Archbishop rounds on Government over Iraq war

Dr Rowan Williams, the Archbishop of Canterbury, today launched a powerful and unprecedented attack on the Government over its policy in Iraq.

He accused Tony Blair and his ministers of rushing into the war, of not being sufficiently truthful and of creating "a weakening of trust in the political system of our nation".

Arguing that trust could be restored by the admission of error or miscalculation, Dr Williams even made a case for civil disobedience, arguing that political obedience in our age has become "problematic". Anglican theologians have never sanctioned compliance with "unjust law", he said.

Dr Williams was preaching the university sermon at St Benet’s Church, Cambridge. The sermon was endowed by John Mere, a fellow of Corpus Christi, more than four centuries ago to teach "due obedyence of the subjectes to their princyes".

Dr Williams has often made clear that, along with with nearly all religious leaders in Britain, he was opposed to the war in Iraq, but he has never before been openly critical of the present Government on this or any other policy.

Invited two years ago to deliver the Mere Commemoration sermon, he has been developing his argument for some months in the light of the events of last year.

While appearing to advocate civil disobedience, sources close to him made clear that this should only occur in the most extreme circumstances and the UK was not yet at that point.

The example he used in his sermon was of the American civil rights movement. Dr Williams said that Christian political obedience must rest on confidence in a government's capacity for attention.
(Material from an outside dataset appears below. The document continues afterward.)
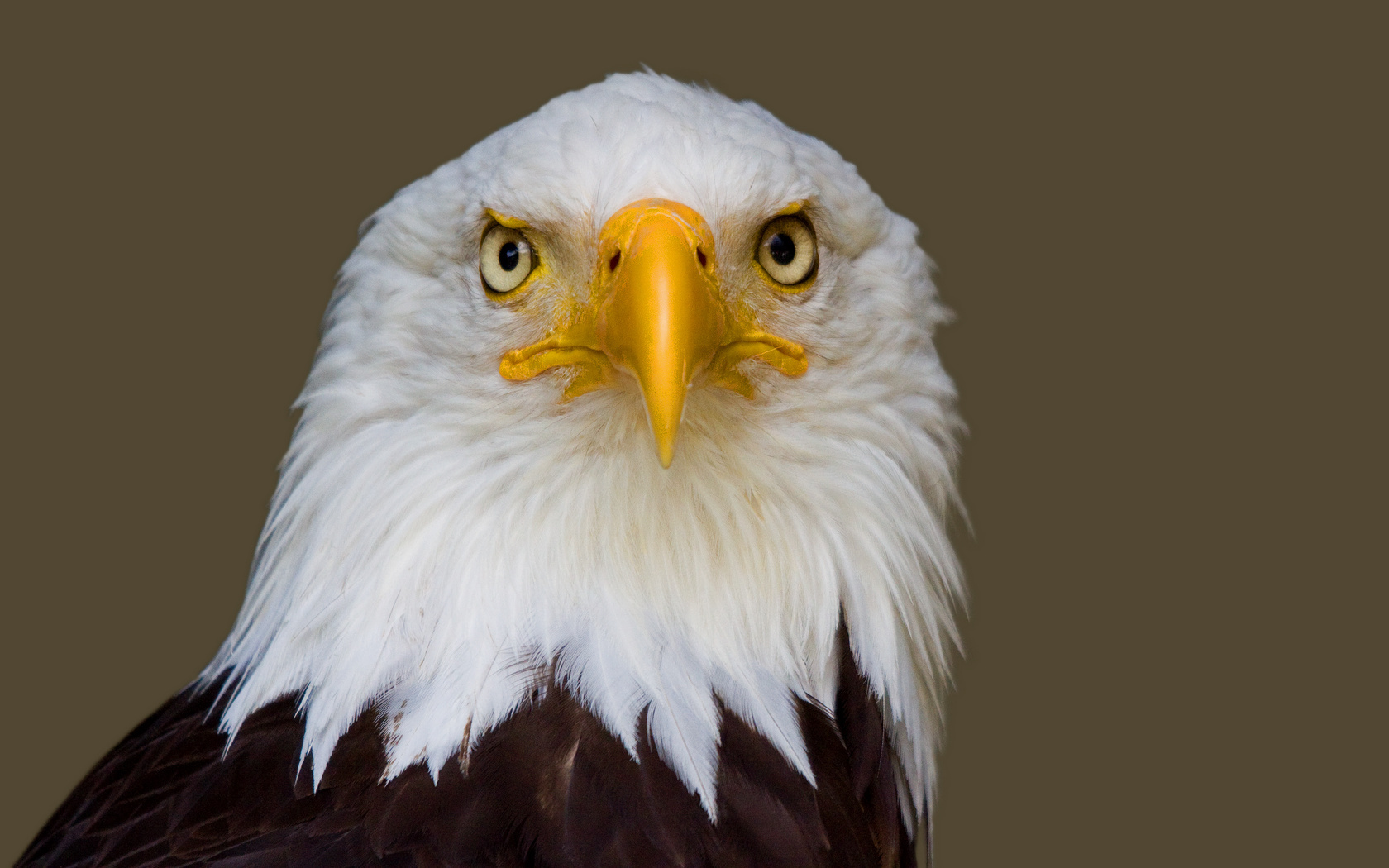 165827 descargar fondo de pantalla águila calva, animales, aves: protectores de pantalla e imágenes gratis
He condemned the "idle and selfish hearts" of those who advocate Christian obedience while themselves being slow to bring their own thoughts "under obedience to Christ".
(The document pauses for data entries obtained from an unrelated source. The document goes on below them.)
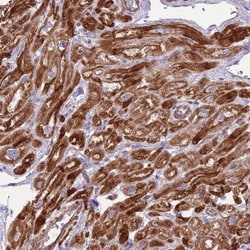 GAS2L3 Antibody, Novus Biologicals 0.1mL; Unlabeled:Antibodies, Polyclonal
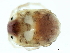  (Woolastookia sp09103A - CNC-IMS090103.051)  @11 [ ] CreativeCommons - Attribution (2010) CBG Photography Group Centre for Biodiversity Genomics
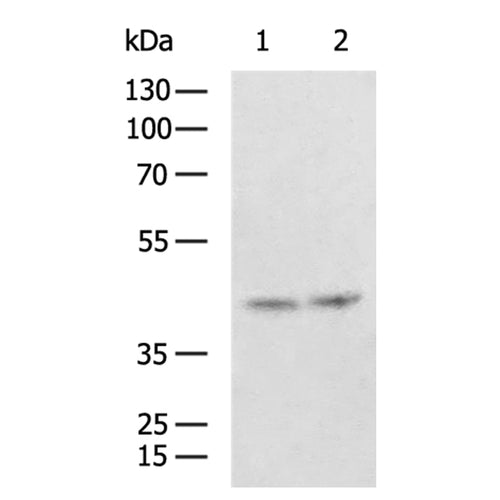 EVX1 rabbit polyclonal antibody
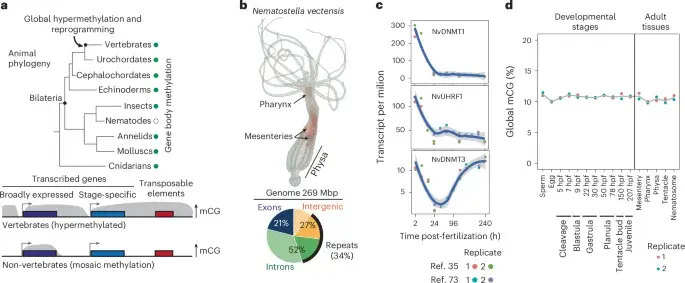 Gene body methylation acts as a genome defense and enables heritable regulatory variation in a cnidarian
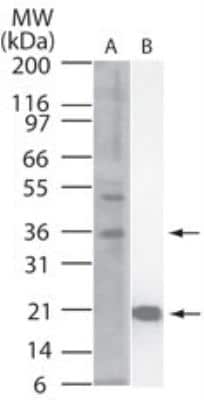 Western Blot: IL-33 Antibody (6H617)BSA Free [NBP2-27333]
Dr Williams said: "Part of the continuing damage to our political health in this country has to do with a sense of the events of the last year on the international scene being driven by something other than attention.

"There were things government believed it knew and claimed to know on a privileged basis which, it emerged, were anything but certain. There were things which regional experts and others knew which seemed not to have received attention."

Dr Williams, a former lecturer in divinity at Cambridge, addressing a congregation of academics, clerics and students, continued: "Forgetting the melodramatic language of public deception, which is often just another means of not attending to what is difficult and takes time to fathom, the evidence suggests to many that obedience to a complex truth suffered from a sense of urgency that made attention harder."

He indicated that the Government had, by its behaviour over Iraq, lost its right to obedience from its citizens.

"We do not usually look in our rulers for signs of advanced contemplative practice. Nor do we say, even as Christians, that no obedience is due to unbelieving governments.

"But we do say that credible claims on our political loyalty have something to do with a demonstrable attention truth, even unwelcome truth."

Dr Williams continued: "A government that habitually ignored expert advice, habitually pressed its interests abroad in ways that ignored manifest needs and priorities in the wider human and non-human environment, habitually repressed criticism or manipulated public media, such a regime would, to say the least, jeopardise its claim too obedience because it was refusing attention."

Such a government "would be concerned finally about control and no more, and so would be a threat to its citizens and others".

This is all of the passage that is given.